Publisher Tony Kovach will plan a comment on this topic on the Masthead blog, to be published later on 8.21.2013

Interview with Marty Lavin, JD

April 3rd, 2013 1 comment

Marty, before we get into the meaty topics that will follow, let's establish your credentials for readers who may not know you and your background.

  • 1) MHProNews: Please tell us about your years involved in manufactured housing, including legal, as a community owner, expert on financing and any other. Include a sense of your MHC, financing and other business interests.

marty-lavin-50-posted-mhpronews-com-industry-voices-blog Marty Lavin:

I’m now 70 years old and I look back to 1972, when as a summer intern I entered the mobile home business.

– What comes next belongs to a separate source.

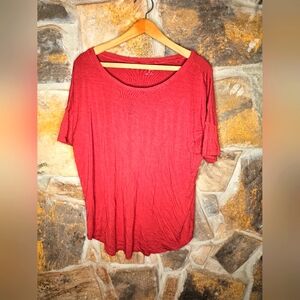 Dally ritual orange/ red  top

I was a junior in law school and was working at Ray’s Homes, who operated owned and franchised lots up and down the east coast, from New Brunswick to Florida.

For you youngsters, 1972 and then 1973 following it were the absolute pinnacle of the mobile home industry, reaching almost 580,000 shipments both years. At today’s shipments level, that is about eleven years of shipments, in each year, back to back. Those were giddy times, and predictions of 1,000,000 annual mobile home production seemed heady, but few seriously doubted it could happen, there seemed no barriers.

There were factories building homes all the way from some constructing them in their garage to the industry giants, Champion and Fleetwood or their compatriots. Time dims my full memory of 1972 and ’73, but not the excitement of those incredible times.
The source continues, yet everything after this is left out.